§ **Work request**: This exercise requires every record to be repeated exactly.

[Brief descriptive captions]
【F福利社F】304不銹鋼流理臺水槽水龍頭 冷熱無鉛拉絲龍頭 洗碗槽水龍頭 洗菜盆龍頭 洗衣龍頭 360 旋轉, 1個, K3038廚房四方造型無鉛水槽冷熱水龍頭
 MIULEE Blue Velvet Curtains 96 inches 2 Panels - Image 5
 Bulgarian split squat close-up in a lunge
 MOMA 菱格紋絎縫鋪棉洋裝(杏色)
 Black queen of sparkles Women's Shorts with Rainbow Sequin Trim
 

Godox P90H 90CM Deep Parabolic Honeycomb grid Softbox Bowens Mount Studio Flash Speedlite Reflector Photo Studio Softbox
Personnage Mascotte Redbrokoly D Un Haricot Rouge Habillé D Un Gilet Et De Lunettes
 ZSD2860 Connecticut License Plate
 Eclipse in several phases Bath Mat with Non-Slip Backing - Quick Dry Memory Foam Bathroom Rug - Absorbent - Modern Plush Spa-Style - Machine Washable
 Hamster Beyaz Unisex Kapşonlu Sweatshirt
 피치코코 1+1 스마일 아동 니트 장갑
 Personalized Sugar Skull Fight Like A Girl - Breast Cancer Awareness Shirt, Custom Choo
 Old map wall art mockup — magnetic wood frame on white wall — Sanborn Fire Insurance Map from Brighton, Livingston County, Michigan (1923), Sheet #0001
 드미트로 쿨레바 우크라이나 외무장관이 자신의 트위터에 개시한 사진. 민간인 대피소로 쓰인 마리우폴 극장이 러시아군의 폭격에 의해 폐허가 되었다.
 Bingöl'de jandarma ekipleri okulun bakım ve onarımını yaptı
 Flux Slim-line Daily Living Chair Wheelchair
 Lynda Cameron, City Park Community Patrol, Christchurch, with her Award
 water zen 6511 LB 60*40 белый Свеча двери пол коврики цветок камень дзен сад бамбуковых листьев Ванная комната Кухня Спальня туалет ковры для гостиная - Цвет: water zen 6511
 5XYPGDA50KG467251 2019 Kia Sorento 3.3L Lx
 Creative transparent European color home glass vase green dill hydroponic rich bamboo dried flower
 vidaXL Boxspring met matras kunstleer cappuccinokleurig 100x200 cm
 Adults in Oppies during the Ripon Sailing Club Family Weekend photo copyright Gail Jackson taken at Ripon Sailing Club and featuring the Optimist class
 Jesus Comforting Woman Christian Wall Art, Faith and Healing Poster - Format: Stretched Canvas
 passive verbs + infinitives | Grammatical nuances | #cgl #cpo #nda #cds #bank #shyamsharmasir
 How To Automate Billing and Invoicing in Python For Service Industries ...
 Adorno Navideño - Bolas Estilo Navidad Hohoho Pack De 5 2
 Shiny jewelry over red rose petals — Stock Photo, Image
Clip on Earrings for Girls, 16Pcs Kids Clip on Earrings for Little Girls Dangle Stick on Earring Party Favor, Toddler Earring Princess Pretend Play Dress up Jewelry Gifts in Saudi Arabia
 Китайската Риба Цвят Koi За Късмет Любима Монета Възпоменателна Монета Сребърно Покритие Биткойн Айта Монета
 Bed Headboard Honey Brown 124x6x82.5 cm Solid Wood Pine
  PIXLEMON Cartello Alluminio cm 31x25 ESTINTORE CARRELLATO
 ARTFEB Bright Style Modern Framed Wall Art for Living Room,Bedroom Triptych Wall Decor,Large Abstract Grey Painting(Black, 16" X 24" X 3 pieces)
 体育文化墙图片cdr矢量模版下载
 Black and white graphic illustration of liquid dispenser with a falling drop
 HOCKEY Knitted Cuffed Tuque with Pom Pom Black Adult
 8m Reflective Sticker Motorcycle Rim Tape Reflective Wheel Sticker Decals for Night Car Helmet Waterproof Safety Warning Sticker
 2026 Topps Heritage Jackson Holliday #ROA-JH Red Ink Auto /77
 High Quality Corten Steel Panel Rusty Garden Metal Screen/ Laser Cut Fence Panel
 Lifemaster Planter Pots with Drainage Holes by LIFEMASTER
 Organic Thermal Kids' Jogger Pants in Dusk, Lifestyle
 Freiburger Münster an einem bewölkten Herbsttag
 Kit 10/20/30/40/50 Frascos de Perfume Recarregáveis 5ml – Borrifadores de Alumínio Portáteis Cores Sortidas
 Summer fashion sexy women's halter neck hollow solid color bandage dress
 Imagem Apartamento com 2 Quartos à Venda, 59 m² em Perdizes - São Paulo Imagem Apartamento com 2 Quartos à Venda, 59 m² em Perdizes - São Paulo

§ **Written response**:
【F福利社F】304不銹鋼流理臺水槽水龍頭 冷熱無鉛拉絲龍頭 洗碗槽水龍頭 洗菜盆龍頭 洗衣龍頭 360 旋轉, 1個, K3038廚房四方造型無鉛水槽冷熱水龍頭
 MIULEE Blue Velvet Curtains 96 inches 2 Panels - Image 5
 Bulgarian split squat close-up in a lunge
 MOMA 菱格紋絎縫鋪棉洋裝(杏色)
 Black queen of sparkles Women's Shorts with Rainbow Sequin Trim
 

Godox P90H 90CM Deep Parabolic Honeycomb grid Softbox Bowens Mount Studio Flash Speedlite Reflector Photo Studio Softbox
Personnage Mascotte Redbrokoly D Un Haricot Rouge Habillé D Un Gilet Et De Lunettes
 ZSD2860 Connecticut License Plate
 Eclipse in several phases Bath Mat with Non-Slip Backing - Quick Dry Memory Foam Bathroom Rug - Absorbent - Modern Plush Spa-Style - Machine Washable
 Hamster Beyaz Unisex Kapşonlu Sweatshirt
 피치코코 1+1 스마일 아동 니트 장갑
 Personalized Sugar Skull Fight Like A Girl - Breast Cancer Awareness Shirt, Custom Choo
 Old map wall art mockup — magnetic wood frame on white wall — Sanborn Fire Insurance Map from Brighton, Livingston County, Michigan (1923), Sheet #0001
 드미트로 쿨레바 우크라이나 외무장관이 자신의 트위터에 개시한 사진. 민간인 대피소로 쓰인 마리우폴 극장이 러시아군의 폭격에 의해 폐허가 되었다.
 Bingöl'de jandarma ekipleri okulun bakım ve onarımını yaptı
 Flux Slim-line Daily Living Chair Wheelchair
 Lynda Cameron, City Park Community Patrol, Christchurch, with her Award
 water zen 6511 LB 60*40 белый Свеча двери пол коврики цветок камень дзен сад бамбуковых листьев Ванная комната Кухня Спальня туалет ковры для гостиная - Цвет: water zen 6511
 5XYPGDA50KG467251 2019 Kia Sorento 3.3L Lx
 Creative transparent European color home glass vase green dill hydroponic rich bamboo dried flower
 vidaXL Boxspring met matras kunstleer cappuccinokleurig 100x200 cm
 Adults in Oppies during the Ripon Sailing Club Family Weekend photo copyright Gail Jackson taken at Ripon Sailing Club and featuring the Optimist class
 Jesus Comforting Woman Christian Wall Art, Faith and Healing Poster - Format: Stretched Canvas
 passive verbs + infinitives | Grammatical nuances | #cgl #cpo #nda #cds #bank #shyamsharmasir
 How To Automate Billing and Invoicing in Python For Service Industries ...
 Adorno Navideño - Bolas Estilo Navidad Hohoho Pack De 5 2
 Shiny jewelry over red rose petals — Stock Photo, Image
Clip on Earrings for Girls, 16Pcs Kids Clip on Earrings for Little Girls Dangle Stick on Earring Party Favor, Toddler Earring Princess Pretend Play Dress up Jewelry Gifts in Saudi Arabia
 Китайската Риба Цвят Koi За Късмет Любима Монета Възпоменателна Монета Сребърно Покритие Биткойн Айта Монета
 Bed Headboard Honey Brown 124x6x82.5 cm Solid Wood Pine
  PIXLEMON Cartello Alluminio cm 31x25 ESTINTORE CARRELLATO
 ARTFEB Bright Style Modern Framed Wall Art for Living Room,Bedroom Triptych Wall Decor,Large Abstract Grey Painting(Black, 16" X 24" X 3 pieces)
 体育文化墙图片cdr矢量模版下载
 Black and white graphic illustration of liquid dispenser with a falling drop
 HOCKEY Knitted Cuffed Tuque with Pom Pom Black Adult
 8m Reflective Sticker Motorcycle Rim Tape Reflective Wheel Sticker Decals for Night Car Helmet Waterproof Safety Warning Sticker
 2026 Topps Heritage Jackson Holliday #ROA-JH Red Ink Auto /77
 High Quality Corten Steel Panel Rusty Garden Metal Screen/ Laser Cut Fence Panel
 Lifemaster Planter Pots with Drainage Holes by LIFEMASTER
 Organic Thermal Kids' Jogger Pants in Dusk, Lifestyle
 Freiburger Münster an einem bewölkten Herbsttag
 Kit 10/20/30/40/50 Frascos de Perfume Recarregáveis 5ml – Borrifadores de Alumínio Portáteis Cores Sortidas
 Summer fashion sexy women's halter neck hollow solid color bandage dress
 Imagem Apartamento com 2 Quartos à Venda, 59 m² em Perdizes - São Paulo Imagem Apartamento com 2 Quartos à Venda, 59 m² em Perdizes - São Paulo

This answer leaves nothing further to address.